In full and without alteration, copy the listing.
DATA FOR ANALYSIS section start
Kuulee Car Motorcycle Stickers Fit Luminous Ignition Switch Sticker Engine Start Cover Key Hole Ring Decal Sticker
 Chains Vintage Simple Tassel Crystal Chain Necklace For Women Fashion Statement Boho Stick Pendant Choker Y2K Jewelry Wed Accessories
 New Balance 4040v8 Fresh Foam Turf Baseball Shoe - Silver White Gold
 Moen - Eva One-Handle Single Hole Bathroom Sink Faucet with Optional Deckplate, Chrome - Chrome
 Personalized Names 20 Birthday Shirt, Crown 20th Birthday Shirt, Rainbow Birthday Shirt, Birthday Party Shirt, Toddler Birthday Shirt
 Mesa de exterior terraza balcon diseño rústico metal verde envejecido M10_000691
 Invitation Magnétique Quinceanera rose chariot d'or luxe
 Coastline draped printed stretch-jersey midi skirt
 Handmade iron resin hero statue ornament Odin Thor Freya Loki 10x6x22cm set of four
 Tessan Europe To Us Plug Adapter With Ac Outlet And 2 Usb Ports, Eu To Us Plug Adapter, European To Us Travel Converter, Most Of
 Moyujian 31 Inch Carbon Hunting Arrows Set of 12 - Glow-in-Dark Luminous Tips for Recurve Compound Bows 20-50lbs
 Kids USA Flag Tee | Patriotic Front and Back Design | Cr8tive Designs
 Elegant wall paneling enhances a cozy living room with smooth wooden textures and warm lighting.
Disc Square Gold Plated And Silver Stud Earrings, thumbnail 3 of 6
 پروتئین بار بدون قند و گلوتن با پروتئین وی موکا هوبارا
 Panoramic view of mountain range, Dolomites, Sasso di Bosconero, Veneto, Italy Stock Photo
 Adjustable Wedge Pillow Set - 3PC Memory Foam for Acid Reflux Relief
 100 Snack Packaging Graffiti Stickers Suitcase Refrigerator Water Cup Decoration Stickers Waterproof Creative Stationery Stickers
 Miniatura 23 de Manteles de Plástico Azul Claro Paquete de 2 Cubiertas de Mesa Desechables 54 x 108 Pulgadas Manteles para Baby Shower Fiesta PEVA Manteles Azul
DATA FOR ANALYSIS section end
PROBLEM SOLUTION:
Kuulee Car Motorcycle Stickers Fit Luminous Ignition Switch Sticker Engine Start Cover Key Hole Ring Decal Sticker
 Chains Vintage Simple Tassel Crystal Chain Necklace For Women Fashion Statement Boho Stick Pendant Choker Y2K Jewelry Wed Accessories
 New Balance 4040v8 Fresh Foam Turf Baseball Shoe - Silver White Gold
 Moen - Eva One-Handle Single Hole Bathroom Sink Faucet with Optional Deckplate, Chrome - Chrome
 Personalized Names 20 Birthday Shirt, Crown 20th Birthday Shirt, Rainbow Birthday Shirt, Birthday Party Shirt, Toddler Birthday Shirt
 Mesa de exterior terraza balcon diseño rústico metal verde envejecido M10_000691
 Invitation Magnétique Quinceanera rose chariot d'or luxe
 Coastline draped printed stretch-jersey midi skirt
 Handmade iron resin hero statue ornament Odin Thor Freya Loki 10x6x22cm set of four
 Tessan Europe To Us Plug Adapter With Ac Outlet And 2 Usb Ports, Eu To Us Plug Adapter, European To Us Travel Converter, Most Of
 Moyujian 31 Inch Carbon Hunting Arrows Set of 12 - Glow-in-Dark Luminous Tips for Recurve Compound Bows 20-50lbs
 Kids USA Flag Tee | Patriotic Front and Back Design | Cr8tive Designs
 Elegant wall paneling enhances a cozy living room with smooth wooden textures and warm lighting.
Disc Square Gold Plated And Silver Stud Earrings, thumbnail 3 of 6
 پروتئین بار بدون قند و گلوتن با پروتئین وی موکا هوبارا
 Panoramic view of mountain range, Dolomites, Sasso di Bosconero, Veneto, Italy Stock Photo
 Adjustable Wedge Pillow Set - 3PC Memory Foam for Acid Reflux Relief
 100 Snack Packaging Graffiti Stickers Suitcase Refrigerator Water Cup Decoration Stickers Waterproof Creative Stationery Stickers
 Miniatura 23 de Manteles de Plástico Azul Claro Paquete de 2 Cubiertas de Mesa Desechables 54 x 108 Pulgadas Manteles para Baby Shower Fiesta PEVA Manteles Azul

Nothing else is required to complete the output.